Ay, nakakaloka! [laughs] Normally, ideas come. And when ideas come, I think of a dish--"Uy, mukhang masarap 'to." So I store it; I have a notebook where I store it. Iniipon-ipon ko lang siya. So when it's time to do a new menu, I gather everything per category, per restaurant, per concept.

And then anywhere I go, when I travel, may makita akong maganda, I'll say 'Ay bagay ito sa Sentro,' or 'Bagay ito sa Chateau.' So I'm always thinking of the concept so wherever I look, I see kung saan bagay. Every year, I am doing a new menu. For this year I did Sentro 1771. For last year, I did Chateau 1771. The year before that I did Cafe 1771. Every year, may bago, pero sa iba-ibang brands.

What exactly is Sentro food all about? What is its concept?

"We liken Sentro to the modern Filipino person, who has traveled abroad, who is exposed to a lot of information, who reads a lot, who watches movies, who's always updated. In the same way, the restaurant is absorbing a lot of influences, at the same time, being Filipino--retaining its Filipino nature.

For this year's Sentro menu, how long did it take you to do R&D?
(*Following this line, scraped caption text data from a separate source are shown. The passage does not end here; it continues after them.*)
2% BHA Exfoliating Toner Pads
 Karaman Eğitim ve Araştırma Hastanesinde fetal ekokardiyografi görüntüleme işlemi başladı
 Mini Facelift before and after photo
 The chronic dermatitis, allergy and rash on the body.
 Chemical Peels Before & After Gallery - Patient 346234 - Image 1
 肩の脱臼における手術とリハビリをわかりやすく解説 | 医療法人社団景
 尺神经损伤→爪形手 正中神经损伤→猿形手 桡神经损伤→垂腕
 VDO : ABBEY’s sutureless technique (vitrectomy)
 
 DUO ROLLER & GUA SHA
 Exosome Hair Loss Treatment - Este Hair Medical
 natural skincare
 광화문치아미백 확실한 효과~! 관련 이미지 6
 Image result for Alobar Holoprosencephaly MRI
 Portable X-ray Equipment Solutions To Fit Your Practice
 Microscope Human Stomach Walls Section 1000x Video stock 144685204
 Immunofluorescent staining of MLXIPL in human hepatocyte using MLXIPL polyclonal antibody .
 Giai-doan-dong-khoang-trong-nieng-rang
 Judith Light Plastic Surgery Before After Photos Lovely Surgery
The actual R&D, two months. Conceptualization, siguro nasa three years... Kasi una, ganado ka, tapos may tatanggalin ka. Then may maiisip ka and then you think it won't work. And then you travel, and then you see something. So you try. Bagay, or hindi bagay. Things like that. Lots of research, madaming iniisip. Until finally, do or die. So last June that's when I started to cook. Madami din akong dishes na nasayang, na hindi ko nalabas, lots of testing but they weren't included. I have to make sure that the recipe is fool proof, that kahit sino gumawa--ako or the other chefs--it's going to come out the same.

Your new desserts are also very interesting, especially that Keso Flan. How was it conceptualizing them?

Ah yeah, the Keso! Nasasapawan siya palagi ng Halo-Halo eh! Nakakainis![laughs]

Classic kasi ang halo-halo eh!

Oo nga eh. Pero masarap ang Keso Flan (Keso Flan, P220) diba? Before, it's a cheesecake, but we didn't want a cheesecake with a crust, because that's American looking. But I wanted a cheesecake. So ang ginawa namin, we caramelized sugar, para mag mukha siyang leche flan. Pero, cheesecake siya. And then, when we were eating it by itself, parang may kulang. So we started adding. What if we eat it with cheese? Ano kaya if you eat it with itlog na maalat? The salty and sweet blended, and when you eat it together, it's like a bibingka sensation. The experience is like bibingka, it looks like leche flan... but it's not.


Keso Flan: "Parang bibingka na hindi!"

We also now serve Lamb Caldereta (Lamb Caldereta, P480). It's a new rendition of caldereta because we use lamb, and then we have a whole new category of adobo, and then we have a lot of vegetables. This new menu has a lot of variety in terms of flavor, in terms of influence. The caldereta is of Spanish influence, and there's a lot of influence by the countries that colonized us. There are also food that are regional on the new menu.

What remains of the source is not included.